So I know that this involves using the chain rule, but is the following attempt at a proof correct.
Let $M$ be an $n$-dimensional manifold and let $(U,\phi)$ and $(V,\psi)$ be two overlapping coordinate charts (i.e. $U\cap V\neq\emptyset$), with $U,V\subset M$, covering a neighbourhood of $p\in M$, such that $p\in U\cap V$. Consider a function $f:M\rightarrow\mathbb{R}$, and let $x=\phi(p)$, $y=\psi(p)$. It follows then that $$\frac{\partial f}{\partial x^{\mu}}(p)=\frac{\partial}{\partial x^{\mu}}\left((f\circ\phi^{-1})(\phi(p))\right)=\frac{\partial}{\partial x^{\mu}}\left[(f\circ\psi^{-1})\left((\psi\circ\phi^{-1})(\phi(p))\right)\right]\\ \qquad \quad\; =\frac{\partial}{\partial y^{\nu}}\left[(f\circ\psi^{-1})\left((\psi\circ\phi^{-1})(\phi(p))\right)\right]\frac{\partial}{\partial x^{\mu}}\left[\left((\psi\circ\phi^{-1})^{\nu}(\phi(p))\right)\right]\\ =\frac{\partial f}{\partial y^{\nu}}(p)\frac{\partial y^{\nu}}{\partial x^{\mu}}(p)\qquad\qquad\qquad\qquad\qquad\qquad\qquad\quad\,$$ where $y(x)=(\psi\circ\phi^{-1})(\phi(p))$.
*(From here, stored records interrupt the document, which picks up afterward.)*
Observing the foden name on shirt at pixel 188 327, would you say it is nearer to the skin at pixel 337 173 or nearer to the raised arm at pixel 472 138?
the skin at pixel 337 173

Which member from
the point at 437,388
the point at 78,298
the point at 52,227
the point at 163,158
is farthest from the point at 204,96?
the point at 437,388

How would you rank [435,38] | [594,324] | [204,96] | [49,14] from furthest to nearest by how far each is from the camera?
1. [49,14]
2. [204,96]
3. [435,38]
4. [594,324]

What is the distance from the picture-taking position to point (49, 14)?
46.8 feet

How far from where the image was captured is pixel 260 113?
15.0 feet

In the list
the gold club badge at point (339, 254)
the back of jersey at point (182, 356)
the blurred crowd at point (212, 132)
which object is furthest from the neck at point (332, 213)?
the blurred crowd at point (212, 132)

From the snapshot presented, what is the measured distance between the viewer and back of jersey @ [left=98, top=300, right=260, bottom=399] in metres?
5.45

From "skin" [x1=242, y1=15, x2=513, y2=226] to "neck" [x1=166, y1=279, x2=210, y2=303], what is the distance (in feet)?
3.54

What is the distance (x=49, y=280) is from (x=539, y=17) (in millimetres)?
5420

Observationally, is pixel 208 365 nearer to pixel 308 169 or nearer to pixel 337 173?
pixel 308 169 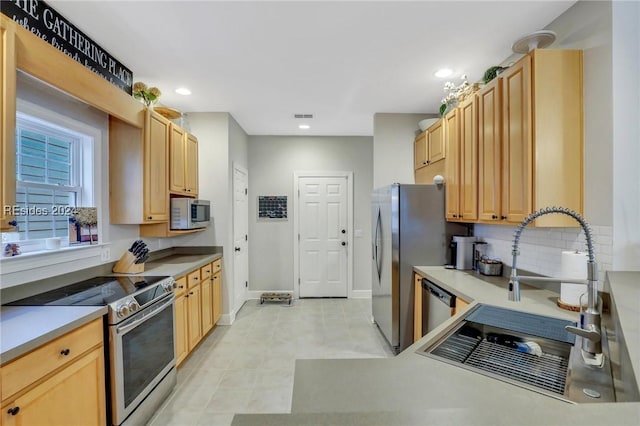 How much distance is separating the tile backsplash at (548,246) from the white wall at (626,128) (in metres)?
0.07

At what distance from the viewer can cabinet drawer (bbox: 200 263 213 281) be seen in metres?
3.15

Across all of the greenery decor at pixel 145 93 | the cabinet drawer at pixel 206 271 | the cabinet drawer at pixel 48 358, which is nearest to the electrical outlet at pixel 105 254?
the cabinet drawer at pixel 206 271

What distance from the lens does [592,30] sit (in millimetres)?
1701

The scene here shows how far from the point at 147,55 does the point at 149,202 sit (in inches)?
47.8

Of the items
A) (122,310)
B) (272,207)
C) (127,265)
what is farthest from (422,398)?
(272,207)

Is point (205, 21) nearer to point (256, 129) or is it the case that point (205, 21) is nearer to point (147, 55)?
point (147, 55)

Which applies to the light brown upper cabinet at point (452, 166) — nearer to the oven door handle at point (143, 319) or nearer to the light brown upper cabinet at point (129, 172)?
the oven door handle at point (143, 319)

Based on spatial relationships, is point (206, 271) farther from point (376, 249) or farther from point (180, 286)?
point (376, 249)

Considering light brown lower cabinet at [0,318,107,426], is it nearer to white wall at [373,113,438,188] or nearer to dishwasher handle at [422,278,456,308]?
dishwasher handle at [422,278,456,308]

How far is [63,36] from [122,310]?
182 cm

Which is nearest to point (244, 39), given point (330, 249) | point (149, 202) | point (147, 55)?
point (147, 55)

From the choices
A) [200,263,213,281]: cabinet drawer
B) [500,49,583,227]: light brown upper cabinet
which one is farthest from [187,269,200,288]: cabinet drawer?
[500,49,583,227]: light brown upper cabinet

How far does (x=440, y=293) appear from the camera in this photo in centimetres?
241

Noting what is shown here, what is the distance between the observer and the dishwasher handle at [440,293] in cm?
221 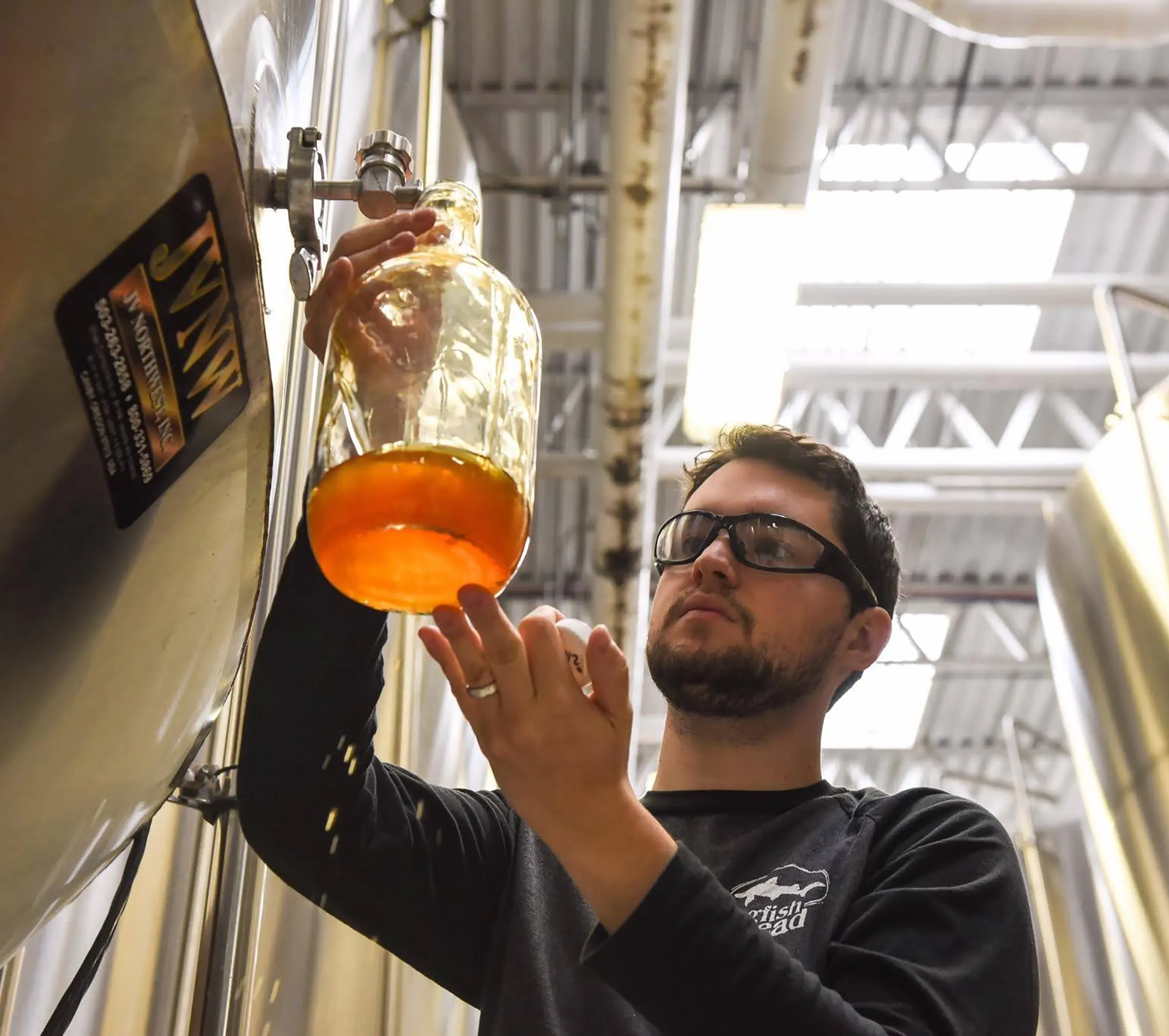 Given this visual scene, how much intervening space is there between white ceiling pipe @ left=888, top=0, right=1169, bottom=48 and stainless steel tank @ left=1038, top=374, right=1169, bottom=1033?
81 cm

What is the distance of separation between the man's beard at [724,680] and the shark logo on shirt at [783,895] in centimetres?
17

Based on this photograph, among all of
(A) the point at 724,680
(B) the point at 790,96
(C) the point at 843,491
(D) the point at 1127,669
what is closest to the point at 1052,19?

Hence, as $f$ is an arbitrary differentiable function, we conclude that $$\frac{\partial }{\partial x^{\mu}}=\frac{\partial y^{\nu}}{\partial x^{\mu}}\frac{\partial }{\partial y^{\nu}}$$ From this, we note that as $\lbrace\frac{\partial }{\partial x^{\mu}}\rbrace$ and $\lbrace\frac{\partial }{\partial y^{\nu}}\rbrace$ are two coordinate bases for the tangent space $T_{p}M$ at the point $p$, the two bases must be related by the formula above.